The Electoral Commission has assured that it is putting measures in place to ensure that the December 7, 2024 polls are free, fair and transparent.
Chairperson of the Commission, Mrs Jean Mensa, told Parliament's Committee of the Whole in Accra on Friday that just as her outfit has conducted transparent polls since 1992, this year's highly anticipated one won't be different.
"From the registration to the declaration, our processes are embedded with one key ingredient, and that is transparency, transparency, transparency. As such we will continue to operate in the spirit of transparency, fairness and integrity as embedded in our motto," she assured.
According to her, the basic duty of the Commission was to offer the electorate the platform to express their democratic will and not to choose for them who should be their leader.
The electoral structure of Ghana, she said, made it almost impossible for any officer of the Commission to determine where the pendulum swings.
She explained that the electoral body currently operated a system through which verified results, with respect to the presidential election from all 16 regions, were collated and transferred to the EC's headquarters in Accra.
From the counting at the polling station to the collation and transfer to the regions for onward transmission to the national headquarters, Mrs Mensah said party agents were involved and furnished with copies of results as all stakeholders would have approved, making it impossible for any manipulation to take place.
The process, she ran the MPs through, starts with the counting of ballots at the polling stations in the full glare of the public after polls, and then to collation of same at the constituency collation centres before transfer to regional and subsequently national.

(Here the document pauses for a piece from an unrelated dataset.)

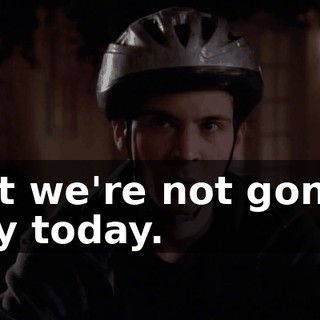 But we're not gonna pay today.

"A tabulation is done in their presence and then from there it goes to the regional collation centres where the agents of the parties are and then it comes to the national and it is not transmitted. It is hard copies of documents that are coming.
"So it is pink sheets that are scanned that are sent by fax and email that come through and we believe that by that time, the party should have copies of all these on their telephones to enable you to verify."
With these rigorous processes done with the party agents, Mrs Mensa said it becomes almost impossible for any officer of the Commission to manipulate the numbers because representatives of the parties would have had the numbers even before they were transmitted to the national headquarters.
"So I like to assure you that there is absolutely no way that at the helm of affairs the commission can change anything because the documentation comes from the ground and we believe that you have copies," she said.
Responding to questions of some missing biometric verification devices, the EC boss said the unaccounted for devices would not affect the integrity of the polls.
"With the BVDs, I think we have mentioned over time that what we lost were five laptops and that was realised during a routine maintenance. However, you know, we've taken steps to beef up our security in those places to ensure that, you know, such steps will not happen again. But I think we've assured you many times that it has no bearing. You know, the missing laptops have no bearing on the registration of the election."
"Indeed, even if you assume that a BVR or a BVD was stolen, let's assume because humans go there, they can be mischievous to carry the whole thing, they have to be activated. There are certain security processes that a BVD or a BVR has to go through to be connected to our system. And so on its own, it cannot be used to register anymore."
Commissioners and staff of the elections management body, Mrs Mensah said were aware of the responsibility they have to ensure the will of the people reflected and won't do otherwise.
"We accepted this job knowing that posterity will judge us and the almighty God will judge us so there's no way that we are going to change the results when it is not the truth. We have integrity and credibility and we know that what we do will follow us all the way to the grave and we believe that we want the almighty God to honour us," she added.